- _Directions_
The entries below hold a line with "Thumbnail: 2016 Toyota Tacoma - 6" and a line with "Impressive Luxury Villa". Return those lines and all that lie between them, exactly and only.

- _Collection entries_
----
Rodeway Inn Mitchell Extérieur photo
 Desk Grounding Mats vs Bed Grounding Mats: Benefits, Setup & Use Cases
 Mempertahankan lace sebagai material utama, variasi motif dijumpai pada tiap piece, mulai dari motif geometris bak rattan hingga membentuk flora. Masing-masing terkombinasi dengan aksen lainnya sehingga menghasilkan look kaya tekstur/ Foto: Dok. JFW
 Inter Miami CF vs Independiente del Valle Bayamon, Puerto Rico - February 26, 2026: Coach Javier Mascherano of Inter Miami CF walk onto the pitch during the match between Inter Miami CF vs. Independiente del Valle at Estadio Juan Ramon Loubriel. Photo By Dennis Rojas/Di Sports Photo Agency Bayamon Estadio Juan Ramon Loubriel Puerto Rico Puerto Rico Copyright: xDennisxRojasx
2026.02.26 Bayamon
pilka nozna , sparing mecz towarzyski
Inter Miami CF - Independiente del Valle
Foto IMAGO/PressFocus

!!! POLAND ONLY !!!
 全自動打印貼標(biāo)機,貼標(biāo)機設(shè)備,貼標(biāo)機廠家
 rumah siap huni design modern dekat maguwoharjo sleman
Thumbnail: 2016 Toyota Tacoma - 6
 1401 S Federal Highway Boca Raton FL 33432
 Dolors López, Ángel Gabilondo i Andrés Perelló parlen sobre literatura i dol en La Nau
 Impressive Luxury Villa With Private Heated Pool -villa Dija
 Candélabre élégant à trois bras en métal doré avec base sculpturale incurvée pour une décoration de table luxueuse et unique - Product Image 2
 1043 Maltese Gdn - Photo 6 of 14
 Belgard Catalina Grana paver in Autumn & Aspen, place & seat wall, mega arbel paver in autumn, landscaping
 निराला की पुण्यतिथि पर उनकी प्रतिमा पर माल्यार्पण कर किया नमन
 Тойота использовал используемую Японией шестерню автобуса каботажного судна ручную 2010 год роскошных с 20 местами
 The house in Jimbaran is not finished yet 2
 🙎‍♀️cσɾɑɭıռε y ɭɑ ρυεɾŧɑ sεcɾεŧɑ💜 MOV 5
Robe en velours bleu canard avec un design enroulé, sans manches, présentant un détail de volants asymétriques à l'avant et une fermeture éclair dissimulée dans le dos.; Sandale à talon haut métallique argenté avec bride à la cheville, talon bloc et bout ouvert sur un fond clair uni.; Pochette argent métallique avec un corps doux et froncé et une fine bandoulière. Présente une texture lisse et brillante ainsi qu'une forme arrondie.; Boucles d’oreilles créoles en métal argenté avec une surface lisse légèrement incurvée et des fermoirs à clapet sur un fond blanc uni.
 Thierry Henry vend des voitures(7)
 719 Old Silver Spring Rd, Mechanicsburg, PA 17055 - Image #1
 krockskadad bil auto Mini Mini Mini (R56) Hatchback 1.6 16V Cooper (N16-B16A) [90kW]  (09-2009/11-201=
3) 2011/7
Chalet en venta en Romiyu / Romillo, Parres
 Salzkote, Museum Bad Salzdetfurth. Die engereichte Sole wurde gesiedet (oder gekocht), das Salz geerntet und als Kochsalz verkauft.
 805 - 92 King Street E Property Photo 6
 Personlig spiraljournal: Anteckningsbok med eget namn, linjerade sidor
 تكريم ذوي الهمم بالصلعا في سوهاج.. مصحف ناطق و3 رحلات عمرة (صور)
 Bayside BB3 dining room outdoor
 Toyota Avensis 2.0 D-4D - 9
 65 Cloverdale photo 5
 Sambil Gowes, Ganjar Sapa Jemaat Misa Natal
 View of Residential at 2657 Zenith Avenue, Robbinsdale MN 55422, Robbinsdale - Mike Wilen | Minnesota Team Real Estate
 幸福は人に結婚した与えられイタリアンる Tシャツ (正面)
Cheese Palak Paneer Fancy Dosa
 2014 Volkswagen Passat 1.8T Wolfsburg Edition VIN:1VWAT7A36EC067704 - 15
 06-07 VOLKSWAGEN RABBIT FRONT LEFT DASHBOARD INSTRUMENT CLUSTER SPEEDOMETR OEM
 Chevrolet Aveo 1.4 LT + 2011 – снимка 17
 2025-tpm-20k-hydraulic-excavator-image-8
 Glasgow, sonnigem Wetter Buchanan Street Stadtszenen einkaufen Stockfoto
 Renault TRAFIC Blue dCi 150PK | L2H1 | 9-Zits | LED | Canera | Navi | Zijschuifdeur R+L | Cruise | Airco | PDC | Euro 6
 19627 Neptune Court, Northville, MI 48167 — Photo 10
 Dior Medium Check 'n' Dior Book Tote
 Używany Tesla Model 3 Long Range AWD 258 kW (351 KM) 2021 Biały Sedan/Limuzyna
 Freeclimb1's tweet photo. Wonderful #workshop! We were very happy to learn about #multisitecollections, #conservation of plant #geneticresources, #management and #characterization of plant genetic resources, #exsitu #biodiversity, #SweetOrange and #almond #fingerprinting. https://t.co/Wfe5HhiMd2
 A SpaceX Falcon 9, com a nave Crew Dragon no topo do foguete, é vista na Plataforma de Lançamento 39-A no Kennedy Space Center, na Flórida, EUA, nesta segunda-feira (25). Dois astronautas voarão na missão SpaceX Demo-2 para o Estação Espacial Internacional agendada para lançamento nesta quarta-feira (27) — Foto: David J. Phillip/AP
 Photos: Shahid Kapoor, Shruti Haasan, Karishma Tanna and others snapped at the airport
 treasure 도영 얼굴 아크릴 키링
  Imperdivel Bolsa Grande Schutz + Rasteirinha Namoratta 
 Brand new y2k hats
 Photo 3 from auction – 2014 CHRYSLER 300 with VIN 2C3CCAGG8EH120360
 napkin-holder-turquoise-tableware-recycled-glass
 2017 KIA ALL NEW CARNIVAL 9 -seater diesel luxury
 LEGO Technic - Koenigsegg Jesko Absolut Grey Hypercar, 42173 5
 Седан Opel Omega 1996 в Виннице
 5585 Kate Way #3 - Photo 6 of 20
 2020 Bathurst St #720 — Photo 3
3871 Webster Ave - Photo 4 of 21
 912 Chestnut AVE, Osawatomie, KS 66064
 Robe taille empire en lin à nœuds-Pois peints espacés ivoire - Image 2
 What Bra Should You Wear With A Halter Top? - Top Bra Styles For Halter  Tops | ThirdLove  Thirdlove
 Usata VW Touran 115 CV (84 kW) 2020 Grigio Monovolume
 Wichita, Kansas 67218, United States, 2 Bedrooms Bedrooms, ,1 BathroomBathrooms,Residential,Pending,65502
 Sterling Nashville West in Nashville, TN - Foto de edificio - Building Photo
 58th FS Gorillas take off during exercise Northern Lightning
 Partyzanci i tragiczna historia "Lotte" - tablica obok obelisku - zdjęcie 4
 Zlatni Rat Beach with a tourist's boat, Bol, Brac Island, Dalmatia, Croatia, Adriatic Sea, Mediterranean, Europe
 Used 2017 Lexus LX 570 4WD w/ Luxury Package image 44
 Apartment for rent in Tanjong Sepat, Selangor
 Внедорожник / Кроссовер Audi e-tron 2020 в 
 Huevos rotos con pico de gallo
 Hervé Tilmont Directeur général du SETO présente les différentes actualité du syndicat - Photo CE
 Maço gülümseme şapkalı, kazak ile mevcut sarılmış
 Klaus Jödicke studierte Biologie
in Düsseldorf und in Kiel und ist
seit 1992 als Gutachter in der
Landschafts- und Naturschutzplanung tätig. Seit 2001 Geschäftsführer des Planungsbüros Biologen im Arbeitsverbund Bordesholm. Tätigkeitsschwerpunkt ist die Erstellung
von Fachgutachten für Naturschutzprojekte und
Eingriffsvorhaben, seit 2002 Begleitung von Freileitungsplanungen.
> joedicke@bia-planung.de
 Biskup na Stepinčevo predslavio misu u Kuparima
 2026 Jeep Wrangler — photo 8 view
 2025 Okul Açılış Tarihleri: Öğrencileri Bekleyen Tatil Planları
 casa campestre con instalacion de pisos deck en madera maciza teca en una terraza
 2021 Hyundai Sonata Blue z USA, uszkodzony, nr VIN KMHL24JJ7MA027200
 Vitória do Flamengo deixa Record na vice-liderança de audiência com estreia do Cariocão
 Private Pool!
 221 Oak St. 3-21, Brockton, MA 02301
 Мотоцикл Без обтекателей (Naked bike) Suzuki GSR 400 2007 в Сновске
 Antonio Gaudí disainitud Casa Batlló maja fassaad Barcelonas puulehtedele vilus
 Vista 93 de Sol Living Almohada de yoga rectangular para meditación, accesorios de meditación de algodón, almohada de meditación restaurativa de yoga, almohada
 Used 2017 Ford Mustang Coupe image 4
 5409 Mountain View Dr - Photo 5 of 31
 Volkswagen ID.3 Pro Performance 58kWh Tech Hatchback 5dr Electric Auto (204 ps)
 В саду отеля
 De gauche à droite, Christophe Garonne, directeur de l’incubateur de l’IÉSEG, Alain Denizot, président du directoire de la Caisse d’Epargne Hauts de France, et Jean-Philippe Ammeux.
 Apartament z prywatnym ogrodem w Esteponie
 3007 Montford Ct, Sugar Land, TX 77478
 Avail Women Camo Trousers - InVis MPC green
----
- _Exercise output_
Thumbnail: 2016 Toyota Tacoma - 6
 1401 S Federal Highway Boca Raton FL 33432
 Dolors López, Ángel Gabilondo i Andrés Perelló parlen sobre literatura i dol en La Nau
 Impressive Luxury Villa With Private Heated Pool -villa Dija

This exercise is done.